§ **Work item**
What follows is a set of records; repeat all of them exactly.

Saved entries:
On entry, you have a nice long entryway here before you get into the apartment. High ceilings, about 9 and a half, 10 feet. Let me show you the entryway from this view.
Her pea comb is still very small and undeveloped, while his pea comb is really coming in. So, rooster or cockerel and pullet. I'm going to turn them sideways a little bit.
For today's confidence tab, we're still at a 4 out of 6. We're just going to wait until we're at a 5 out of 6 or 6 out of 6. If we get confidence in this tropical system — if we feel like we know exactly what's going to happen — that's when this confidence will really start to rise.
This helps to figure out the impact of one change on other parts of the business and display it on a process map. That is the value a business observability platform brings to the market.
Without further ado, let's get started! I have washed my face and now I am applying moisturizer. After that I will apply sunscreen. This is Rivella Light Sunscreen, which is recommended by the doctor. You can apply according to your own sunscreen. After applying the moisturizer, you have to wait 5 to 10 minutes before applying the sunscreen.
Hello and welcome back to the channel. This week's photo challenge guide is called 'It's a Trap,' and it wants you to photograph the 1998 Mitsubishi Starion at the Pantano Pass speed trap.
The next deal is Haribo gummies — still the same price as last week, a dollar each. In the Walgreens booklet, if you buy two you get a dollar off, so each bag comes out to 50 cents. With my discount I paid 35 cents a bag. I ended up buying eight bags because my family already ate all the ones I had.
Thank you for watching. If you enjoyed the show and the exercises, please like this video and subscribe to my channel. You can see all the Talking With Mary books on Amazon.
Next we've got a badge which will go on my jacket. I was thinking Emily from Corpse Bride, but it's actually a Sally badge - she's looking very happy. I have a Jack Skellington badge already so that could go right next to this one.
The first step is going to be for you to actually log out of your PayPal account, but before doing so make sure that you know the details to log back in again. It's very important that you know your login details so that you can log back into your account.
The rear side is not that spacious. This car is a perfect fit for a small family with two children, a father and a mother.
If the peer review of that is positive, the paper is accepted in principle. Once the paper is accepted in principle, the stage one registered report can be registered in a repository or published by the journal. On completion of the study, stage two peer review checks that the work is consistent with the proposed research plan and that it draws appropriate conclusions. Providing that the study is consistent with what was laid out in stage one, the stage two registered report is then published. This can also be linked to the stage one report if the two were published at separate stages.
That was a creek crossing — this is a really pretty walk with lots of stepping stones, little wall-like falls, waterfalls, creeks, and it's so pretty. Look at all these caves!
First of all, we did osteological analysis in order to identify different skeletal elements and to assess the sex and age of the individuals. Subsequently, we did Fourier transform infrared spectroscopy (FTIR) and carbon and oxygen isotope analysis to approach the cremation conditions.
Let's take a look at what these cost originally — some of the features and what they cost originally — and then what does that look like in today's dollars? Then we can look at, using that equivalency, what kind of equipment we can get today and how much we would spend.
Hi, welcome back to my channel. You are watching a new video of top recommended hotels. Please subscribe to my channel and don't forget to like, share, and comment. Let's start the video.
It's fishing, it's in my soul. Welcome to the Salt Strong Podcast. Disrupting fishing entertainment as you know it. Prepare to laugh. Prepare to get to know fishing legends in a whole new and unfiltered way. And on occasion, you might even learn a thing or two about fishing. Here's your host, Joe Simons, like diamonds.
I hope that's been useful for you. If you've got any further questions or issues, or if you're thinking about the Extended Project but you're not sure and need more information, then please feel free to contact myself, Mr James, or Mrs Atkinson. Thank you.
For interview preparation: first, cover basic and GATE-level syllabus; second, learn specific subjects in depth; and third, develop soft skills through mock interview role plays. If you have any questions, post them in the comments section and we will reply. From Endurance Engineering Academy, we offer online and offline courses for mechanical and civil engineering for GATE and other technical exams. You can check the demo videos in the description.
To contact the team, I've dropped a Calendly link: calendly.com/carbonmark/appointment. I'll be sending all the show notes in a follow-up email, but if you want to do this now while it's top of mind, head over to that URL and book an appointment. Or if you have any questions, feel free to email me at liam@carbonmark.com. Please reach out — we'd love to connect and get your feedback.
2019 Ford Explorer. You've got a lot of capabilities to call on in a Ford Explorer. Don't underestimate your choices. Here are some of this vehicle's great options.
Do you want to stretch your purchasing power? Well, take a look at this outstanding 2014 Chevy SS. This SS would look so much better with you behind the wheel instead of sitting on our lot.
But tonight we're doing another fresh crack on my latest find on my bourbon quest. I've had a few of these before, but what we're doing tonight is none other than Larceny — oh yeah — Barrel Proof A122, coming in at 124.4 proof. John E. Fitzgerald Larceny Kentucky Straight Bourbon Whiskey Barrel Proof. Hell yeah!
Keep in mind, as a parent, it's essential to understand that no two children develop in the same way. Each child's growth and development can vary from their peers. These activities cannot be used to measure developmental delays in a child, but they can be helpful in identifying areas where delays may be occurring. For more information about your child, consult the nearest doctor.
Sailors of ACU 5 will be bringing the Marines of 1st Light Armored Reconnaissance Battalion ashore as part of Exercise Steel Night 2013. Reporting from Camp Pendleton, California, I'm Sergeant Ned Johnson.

§ **Result for this task**
On entry, you have a nice long entryway here before you get into the apartment. High ceilings, about 9 and a half, 10 feet. Let me show you the entryway from this view.
Her pea comb is still very small and undeveloped, while his pea comb is really coming in. So, rooster or cockerel and pullet. I'm going to turn them sideways a little bit.
For today's confidence tab, we're still at a 4 out of 6. We're just going to wait until we're at a 5 out of 6 or 6 out of 6. If we get confidence in this tropical system — if we feel like we know exactly what's going to happen — that's when this confidence will really start to rise.
This helps to figure out the impact of one change on other parts of the business and display it on a process map. That is the value a business observability platform brings to the market.
Without further ado, let's get started! I have washed my face and now I am applying moisturizer. After that I will apply sunscreen. This is Rivella Light Sunscreen, which is recommended by the doctor. You can apply according to your own sunscreen. After applying the moisturizer, you have to wait 5 to 10 minutes before applying the sunscreen.
Hello and welcome back to the channel. This week's photo challenge guide is called 'It's a Trap,' and it wants you to photograph the 1998 Mitsubishi Starion at the Pantano Pass speed trap.
The next deal is Haribo gummies — still the same price as last week, a dollar each. In the Walgreens booklet, if you buy two you get a dollar off, so each bag comes out to 50 cents. With my discount I paid 35 cents a bag. I ended up buying eight bags because my family already ate all the ones I had.
Thank you for watching. If you enjoyed the show and the exercises, please like this video and subscribe to my channel. You can see all the Talking With Mary books on Amazon.
Next we've got a badge which will go on my jacket. I was thinking Emily from Corpse Bride, but it's actually a Sally badge - she's looking very happy. I have a Jack Skellington badge already so that could go right next to this one.
The first step is going to be for you to actually log out of your PayPal account, but before doing so make sure that you know the details to log back in again. It's very important that you know your login details so that you can log back into your account.
The rear side is not that spacious. This car is a perfect fit for a small family with two children, a father and a mother.
If the peer review of that is positive, the paper is accepted in principle. Once the paper is accepted in principle, the stage one registered report can be registered in a repository or published by the journal. On completion of the study, stage two peer review checks that the work is consistent with the proposed research plan and that it draws appropriate conclusions. Providing that the study is consistent with what was laid out in stage one, the stage two registered report is then published. This can also be linked to the stage one report if the two were published at separate stages.
That was a creek crossing — this is a really pretty walk with lots of stepping stones, little wall-like falls, waterfalls, creeks, and it's so pretty. Look at all these caves!
First of all, we did osteological analysis in order to identify different skeletal elements and to assess the sex and age of the individuals. Subsequently, we did Fourier transform infrared spectroscopy (FTIR) and carbon and oxygen isotope analysis to approach the cremation conditions.
Let's take a look at what these cost originally — some of the features and what they cost originally — and then what does that look like in today's dollars? Then we can look at, using that equivalency, what kind of equipment we can get today and how much we would spend.
Hi, welcome back to my channel. You are watching a new video of top recommended hotels. Please subscribe to my channel and don't forget to like, share, and comment. Let's start the video.
It's fishing, it's in my soul. Welcome to the Salt Strong Podcast. Disrupting fishing entertainment as you know it. Prepare to laugh. Prepare to get to know fishing legends in a whole new and unfiltered way. And on occasion, you might even learn a thing or two about fishing. Here's your host, Joe Simons, like diamonds.
I hope that's been useful for you. If you've got any further questions or issues, or if you're thinking about the Extended Project but you're not sure and need more information, then please feel free to contact myself, Mr James, or Mrs Atkinson. Thank you.
For interview preparation: first, cover basic and GATE-level syllabus; second, learn specific subjects in depth; and third, develop soft skills through mock interview role plays. If you have any questions, post them in the comments section and we will reply. From Endurance Engineering Academy, we offer online and offline courses for mechanical and civil engineering for GATE and other technical exams. You can check the demo videos in the description.
To contact the team, I've dropped a Calendly link: calendly.com/carbonmark/appointment. I'll be sending all the show notes in a follow-up email, but if you want to do this now while it's top of mind, head over to that URL and book an appointment. Or if you have any questions, feel free to email me at liam@carbonmark.com. Please reach out — we'd love to connect and get your feedback.
2019 Ford Explorer. You've got a lot of capabilities to call on in a Ford Explorer. Don't underestimate your choices. Here are some of this vehicle's great options.
Do you want to stretch your purchasing power? Well, take a look at this outstanding 2014 Chevy SS. This SS would look so much better with you behind the wheel instead of sitting on our lot.
But tonight we're doing another fresh crack on my latest find on my bourbon quest. I've had a few of these before, but what we're doing tonight is none other than Larceny — oh yeah — Barrel Proof A122, coming in at 124.4 proof. John E. Fitzgerald Larceny Kentucky Straight Bourbon Whiskey Barrel Proof. Hell yeah!
Keep in mind, as a parent, it's essential to understand that no two children develop in the same way. Each child's growth and development can vary from their peers. These activities cannot be used to measure developmental delays in a child, but they can be helpful in identifying areas where delays may be occurring. For more information about your child, consult the nearest doctor.
Sailors of ACU 5 will be bringing the Marines of 1st Light Armored Reconnaissance Battalion ashore as part of Exercise Steel Night 2013. Reporting from Camp Pendleton, California, I'm Sergeant Ned Johnson.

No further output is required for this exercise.